When there is a need to use a new data source - new plugin must be developed. Step-by-step workflow:

  1. Move to the plugins directory:
cd $GOPATH/src/github.com/cert-lv/graphoscope/plugins/src
  1. Make a copy of the template:
cp -r template <plugin-name>
cd <plugin-name>

... real plugin name should be instead of <plugin-name>. 3. Rename an entry point and testing files:

mv template.go <plugin-name>.go
mv template_test.go <plugin-name>_test.go
  1. Follow the steps in the source files:

Edit <plugin-name>.go

  • STEP 1 - choose plugin type - data collector or processor
  • STEP 2 - validate required parameters or settings, given by the user
  • STEP 3 - create a connection to the data source if needed, check whether it is established. For example, MongoDB requires an established connection, while HTTP REST API does not
  • STEP 4 - store plugin settings, like "client" object, URL, database name, etc.
  • STEP 5 - get a list of all known data source's fields for the Web GUI autocomplete. Remove method for processor plugin!
  • STEP 6 - choose and leave only one method - Search() for the collector or Process() for the processor

In case data source plugin type was chosen (steps 7-10):

  • STEP 7 - when new query is launched - an SQL statement conversion must be done, so the data source can understand what client is searching for.
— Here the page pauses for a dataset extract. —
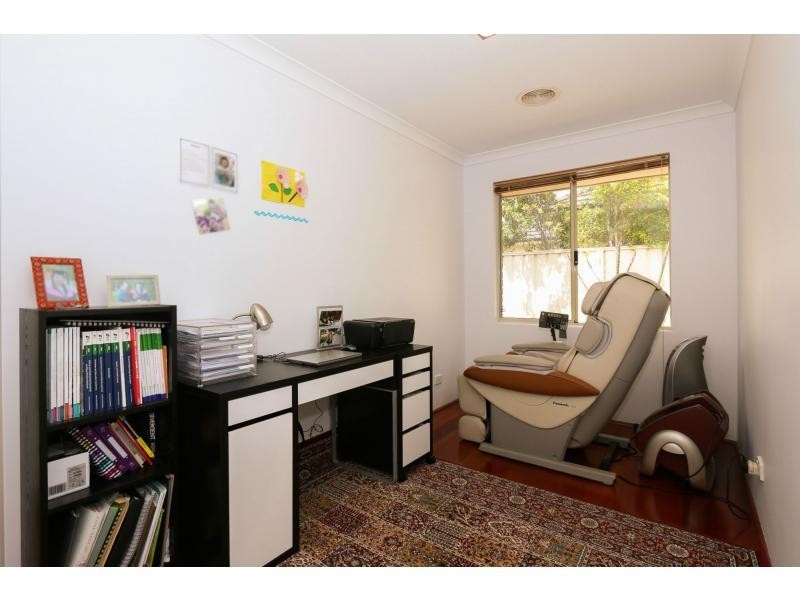 18 Cranberry Gardens, Stirling WA 6021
Created query should be added to the debug info, so admin or developer can see what happens in a background.

Edit convert.go

  • STEP 8 - do the SQL conversion. Check, for example, a MongoDB plugin to see how SQL can be converted to the hierarchical object or an HTTP plugin where you get just a list of requested field/value pairs. File not needed for the processor plugin!

Edit <plugin-name>.go

  • STEP 9 - run the query and get the results. Implementation depends on the data source's methods. In an HTTP plugin it's just a GET/POST request
  • STEP 10 - process data returned by the data source. Most of this loop content you shouldn't modify at all

In case processor plugin type was chosen:

  • STEP 11 - process data received from the data source plugins

  • STEP 12 - gracefully stop the plugin when main service stops, drop all connections correctly

Edit plugin.go

  • STEP 13 - inherit default configuration fields for the data source or processor plugin
  • STEP 14 - define all the custom fields needed by the plugin, such as "client" object, database/collection name, etc. See the STEP 3
  • STEP 15 - set plugin name and version

Edit README.md

  • STEP 16 - white plugin description and documentation if needed

Edit <plugin-name>_test.go

  • STEP 17 - test plugin's functionality

During all these steps you can use existing plugins as the working examples.

Now test the source code:

cd $GOPATH/src/github.com/cert-lv/graphoscope
go test plugins/src/<plugin-name>/*.go

Compile in case of data source plugin:

go build -buildmode=plugin -ldflags="-w" -o plugins/sources/<plugin-name>.so plugins/src/<plugin-name>/*.go

or in case of processor plugin:

go build -buildmode=plugin -ldflags="-w" -o plugins/processors/<plugin-name>.so plugins/src/<plugin-name>/*.go

For a prod. environment make sure Makefile is edited according to your needs (REMOTE variable) and append to the Dockerfile's section STEP 1:

RUN go build -buildmode=plugin -ldflags="-w" -o /go/plugins/sources/<plugin-name>.so plugins/src/<plugin-name>/*.go

or for processor plugin:

RUN go build -buildmode=plugin -ldflags="-w" -o /go/plugins/processors/<plugin-name>.so plugins/src/<plugin-name>/*.go

... real plugin name should be instead of <plugin-name>, and run:

make compile
make update

Docker images will be created to compile plugins and the main service, after update remote files will be updated.

To make Golang plugins work and be compatible - all components must be compiled in the identical environments. So a specific Golang docker image is used. The same thing with GOROOT/GOPATH variables. CGO_ENABLED=1 env. variable also is required.

When YAML description file is prepared, it is enough to restart the service.